- Author: Mike D'Arcy, Kyle Chard, Ian Foster, Carl Kesselman, Ravi Madduri, Nickolaus Saint, Rick Wagner
- Title: Big Data Bags: A Scalable Packaging Format for Science
- Submission: https://doi.org/10.5281/zenodo.3338725
- Submitted as: RO2019 abstract
- Decision: accept talk (accepted for oral presentation)
- Reviewer: (anonymous)
Is the text easy to follow? Are core concepts defined or referenced? Is it clear what is the author's contribution?
- good
URL for a Research Object or Zenodo record provided? Guidelines followed? Open format (e.g. HTML)? Sufficient metadata, e.g. links to software? Some form of Data Package provided? Add text below if you need to clarify your score.
- basic (e.g. Zenodo with PDF and minimal metadata)
Please provide a brief review, including a justification for your scores. Both score and review text are required.
- weak accept
The abstract presents a data format called Big Data Bags (BDBags), built on top of BagIt to describe the contents of a dataset, and using research object annotations to describe complex resources. The contributions of this work also include a tool and GUI to simplify the use of BDBags. Three use cases are presented that illustrate the approach.

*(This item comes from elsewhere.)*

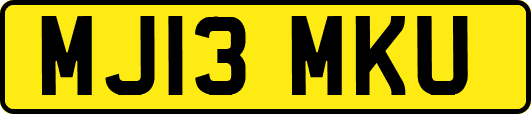 MJ13MKU
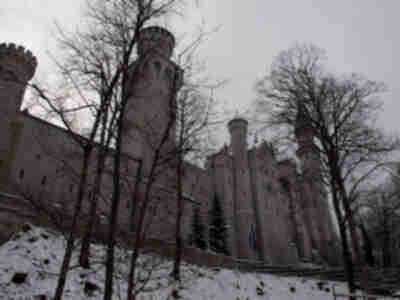 Neuschwanstein Castle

Rather than scientific novelty, this abstract shares with the research object community an in-use case of the research object models and principles, supported by ad-hoc tooling. For this reason, i.e. the practical and in-use angle, it would be interesting to have further discussions during the workshop about lessons learnt and future work.
- Reviewer: Oscar Corcho https://orcid.org/0000-0002-9260-0753
Is the text easy to follow? Are core concepts defined or referenced? Is it clear what is the author's contribution?
- excellent
The abstract is clear on the contribution that will be presented, namely BDBag, and its characteristics.

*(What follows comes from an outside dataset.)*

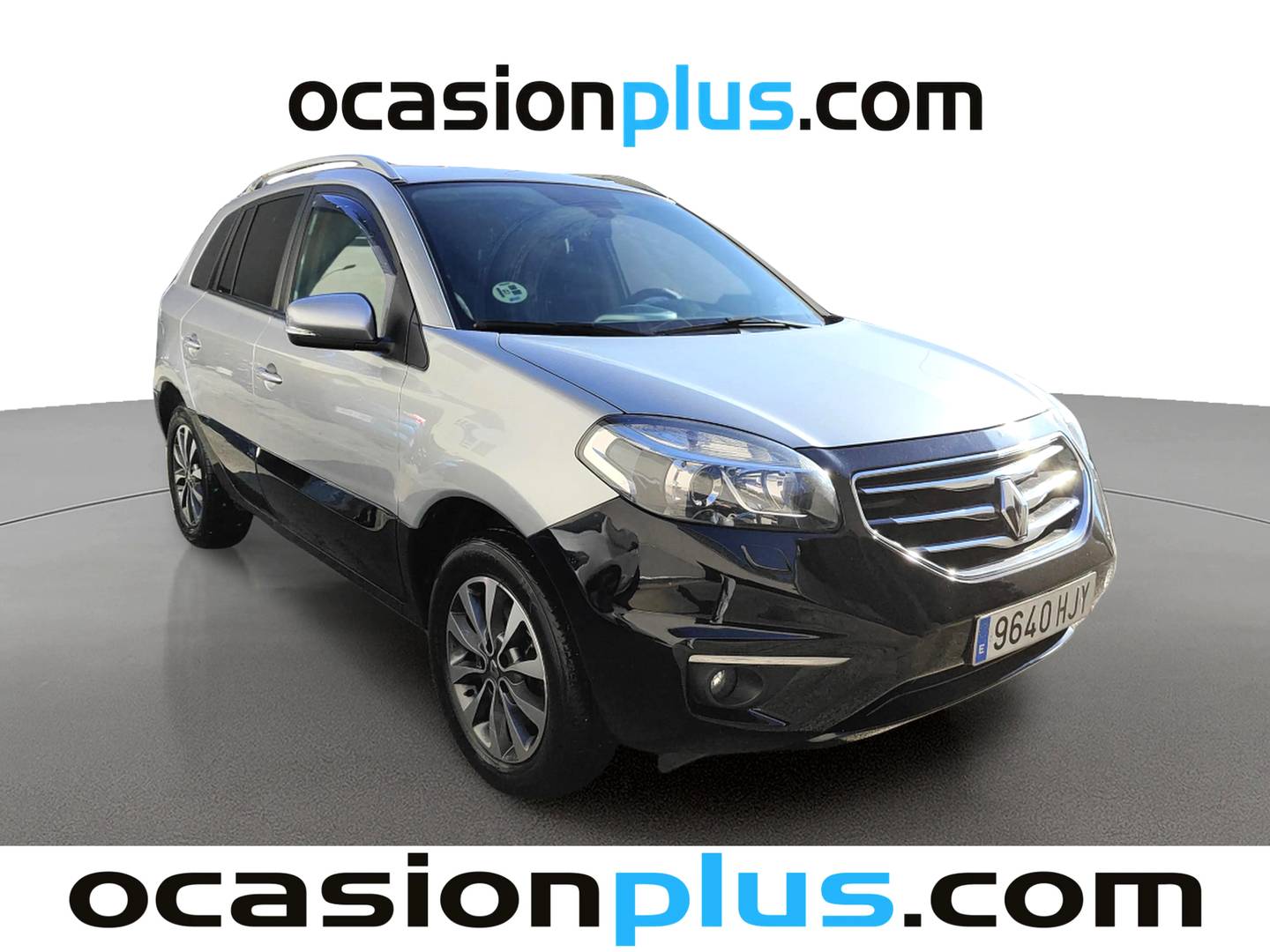 Renault Koleos Renault Koleos dCi 150 Dynamique 4x2 (150 CV) de ocasión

URL for a Research Object or Zenodo record provided? Guidelines followed? Open format (e.g. HTML)? Sufficient metadata, e.g. links to software? Some form of Data Package provided? Add text below if you need to clarify your score.

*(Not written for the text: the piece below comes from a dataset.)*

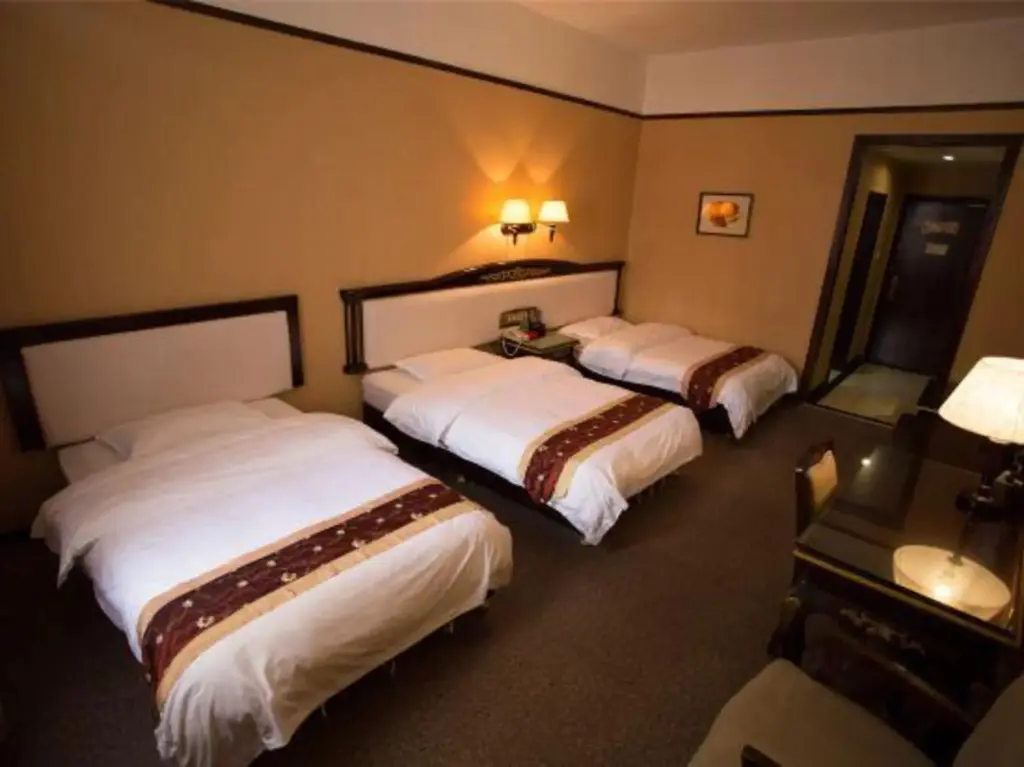 Юйлинь: Kaixuanmen International Hotel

- basic (e.g. Zenodo with PDF and minimal metadata)
I would have appreciated having at least one example of a BDBag associated to this abstract, including for example the packaging of the software that is mentioned as a repository in GitHub. Something like an eat-your-own-dog-food example.
Please provide a brief review, including a justification for your scores. Both score and review text are required.
- accept
The features of the BDBags spec, including both the attributes that are being used and the extensions to BagIt, as well as the way in which contents can be packaged inside a BDBag and how they can be used, will surely attract the attention and discussions of the attendees of the workshop. As a result, this abstract is very relevant.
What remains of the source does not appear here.